Keresahan semacam itu adalah keresahan yang masih sebatas musiman. Mengapa keresahan kita masih sebatas musiman? Ini patut untuk kita pertanyakan, dan sejujurnya pertanyaan itu sungguh menarik untuk dicari jawabannya.

Ulasan di atas saya mulai dengan pertanyaan, “Mengapa kita belum betul-betul merasa resah? Apa yang membuat kita menjadi resah?”. Secara logika, satu hal yang membuat kita mulai merasa resah adalah karena kita kehilangan sesuatu yang sangat kita bangga memilikinya. Misalnya saat kita kehilangan barang-barang berharga seperti motor, emas, dan lainnya, maka itu akan membuat kita merasa resah.
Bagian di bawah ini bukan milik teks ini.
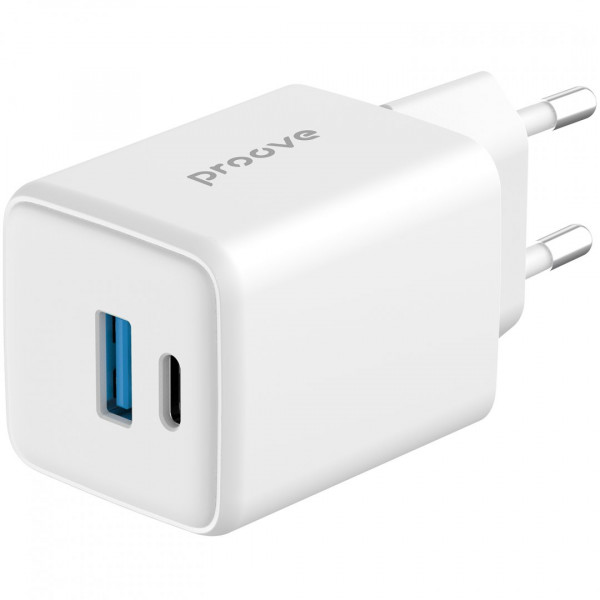 Сетевое зарядное устройство Proove Pocket GaN Plus 25W Type-C+USB White (WCPG25111202)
Begitupun juga saat kita kehilangan orang tua, kita juga merasa resah.

Keresahan yang kita alami adalah karena ada sesuatu yang hilang dari diri kita. Sesuatu yang sangat kita banggakan. Sesuatu yang sangat kita banggakan itu karena sudah menjadi identitas diri kita, yakni bagian dari diri kita yang paling berharga. Sehingga ketika identitas diri kita itu terusik maka kita mulai merasa resah.

Sekarang, saya turunkan logika semacam itu ke dalam persoalan sampah. Apa yang membuat kita resah karena adanya sampah itu? Jawabannya ialah karena kita kehilangan sudut pandang terhadap kesehatan dan kedamaian hidup di kota.
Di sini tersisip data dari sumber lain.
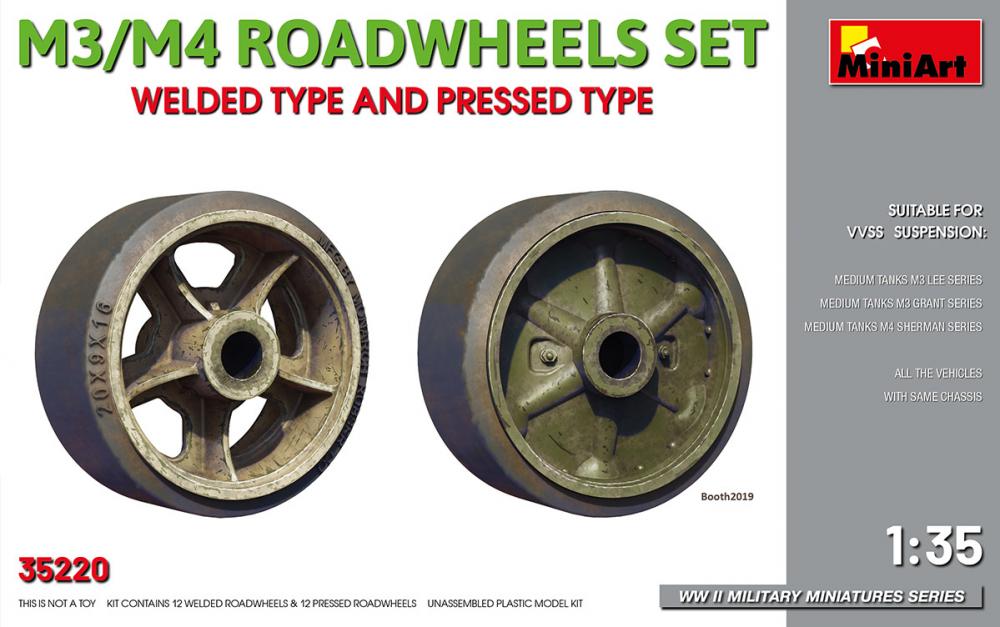 M3/M4 Roadwheels Set - welded type and pressed type von Miniart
Salah satu aspek yang sangat kita banggakan saat tinggal di kota adalah keinginan kita untuk bisa hidup damai dan sehat. Bukankah dua aspek itu yakni hidup damai dan sehat merupakan bagian dari identitas kolektif kita semua saat hidup di kota? Ya, jawabannya pasti semua menginginkannya.

Namun, kedua aspek itu telah terusik dengan hadirnya sampah sehingga kita cenderung resah karenanya. Keresahan itu muncul karena kita merasa telah hilang kedamaian dan kesehatan hidup di kota sehingga cenderung membuat kita resah terhadap persoalan sampah. Keresahan seperti inilah yang kemudian bersifat laten bukan musiman.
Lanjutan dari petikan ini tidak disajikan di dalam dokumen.